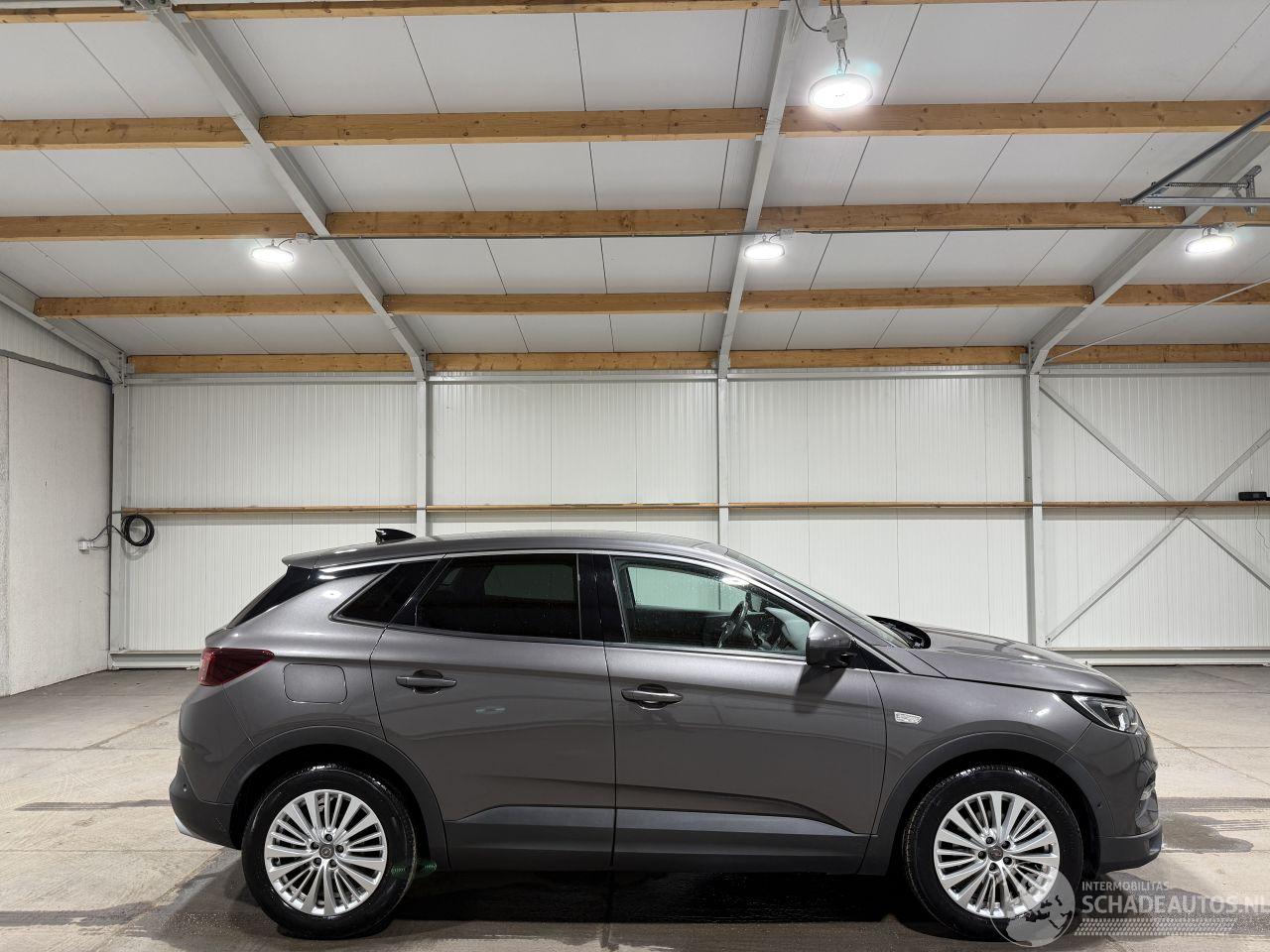 Opel Grandland X 1.2Turbo 96kW Innovation Camera Navi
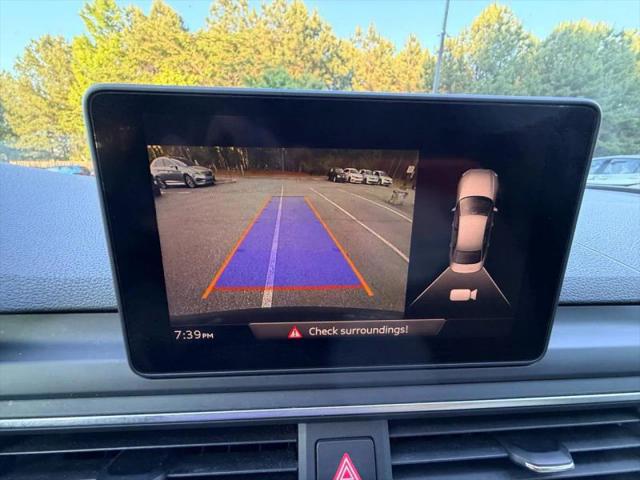 2019 Audi A4 40 Premium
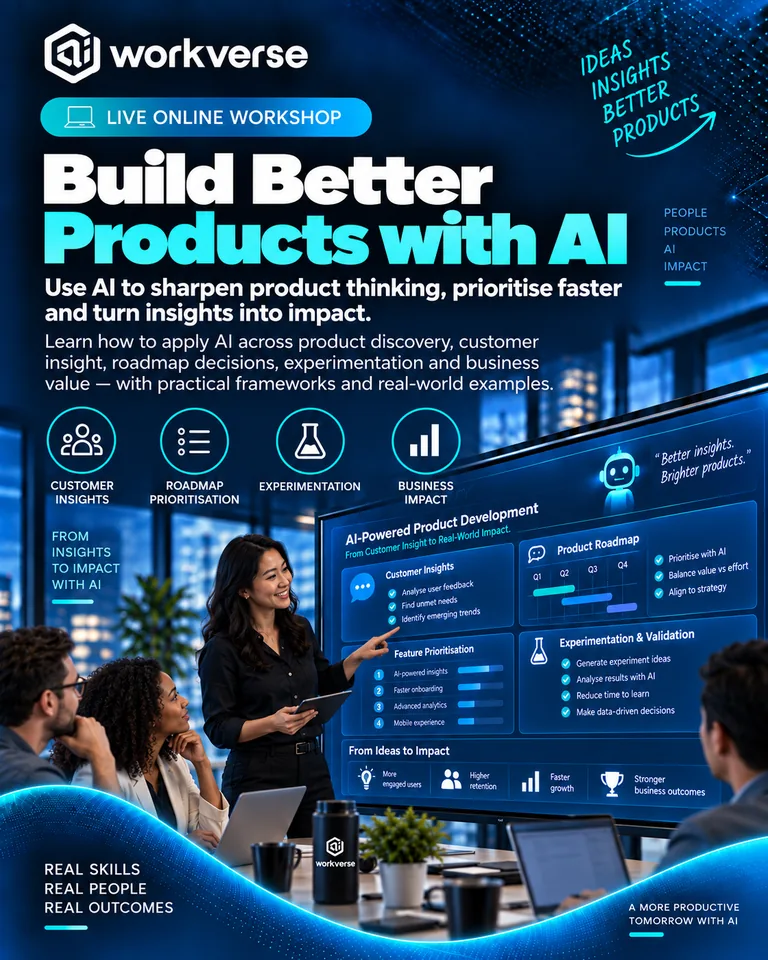 Applied AI for Product Managers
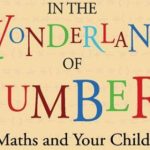 In The Wonderland Of Numbers - Maths And Your Child - Book Cover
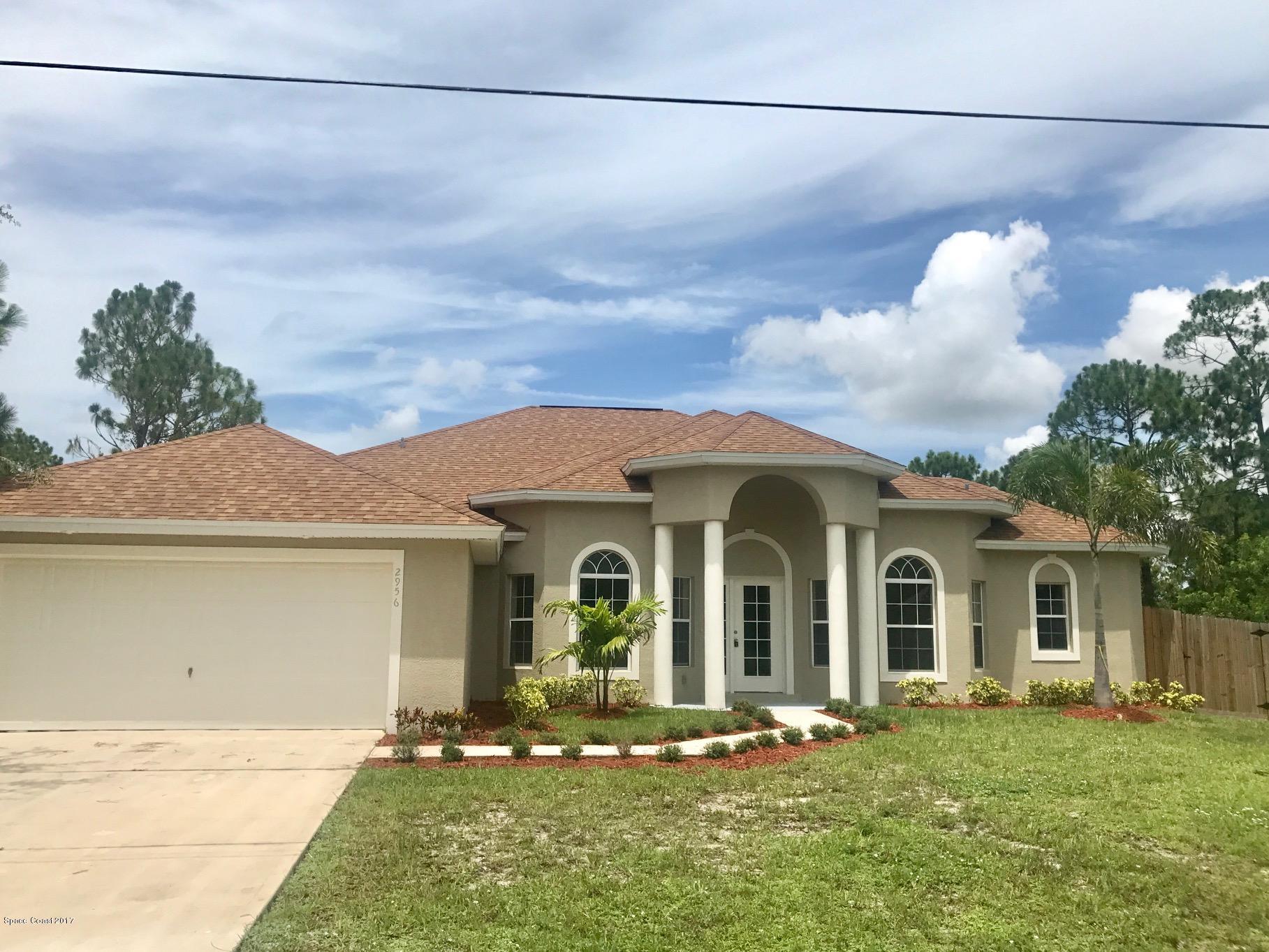 2956 Fears Road Southeast Palm Bay, FL 32909 - Photo 1 of 15 Front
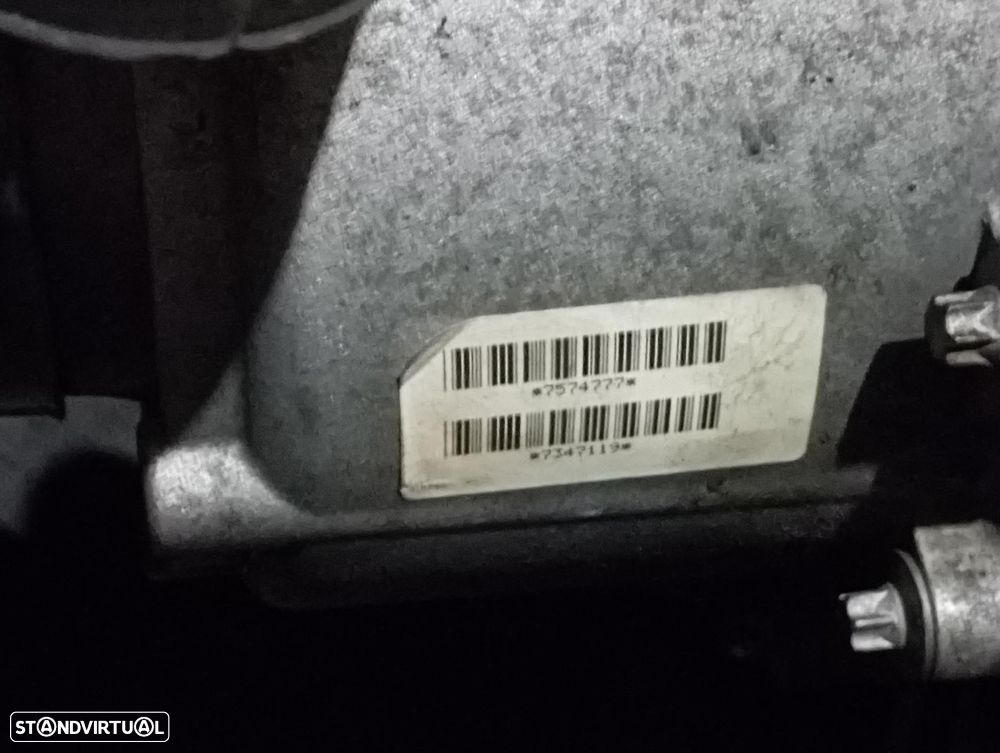 Caixa Transferências BMW X5 E70 3.0D 2009 Ref: 7574777 - 4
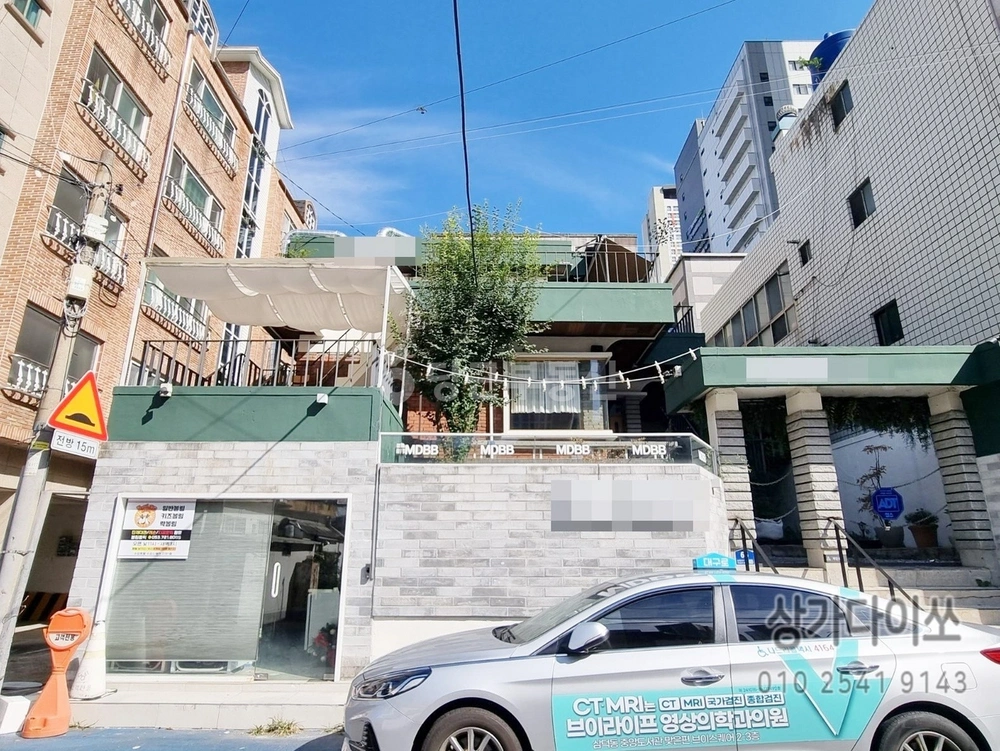 대구광역시 수성구 범어동 상가 사진 1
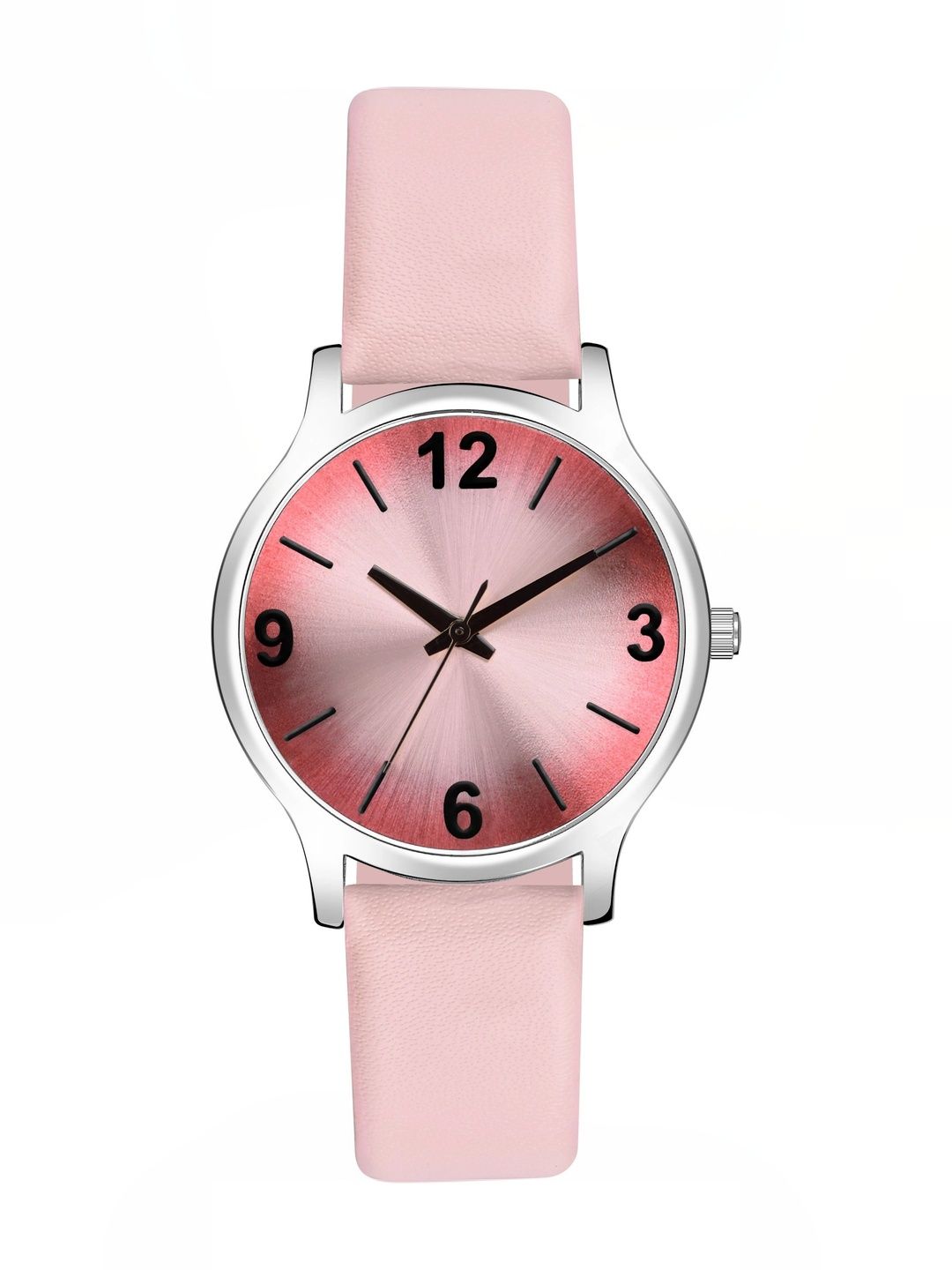 TREX Women Brass Dial & Stainless Steel Straps Analogue Watch MT-352-picture-10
....
WORK TASK:
Output the line containing "2019 Audi A4 40 Premium" and each line after it, through the end of the material, exactly as given. No pictures belong in the output.

SOLUTION FOR THIS EXERCISE:
 2019 Audi A4 40 Premium
 Applied AI for Product Managers
 In The Wonderland Of Numbers - Maths And Your Child - Book Cover
 2956 Fears Road Southeast Palm Bay, FL 32909 - Photo 1 of 15 Front
 Caixa Transferências BMW X5 E70 3.0D 2009 Ref: 7574777 - 4
 대구광역시 수성구 범어동 상가 사진 1
 TREX Women Brass Dial & Stainless Steel Straps Analogue Watch MT-352-picture-10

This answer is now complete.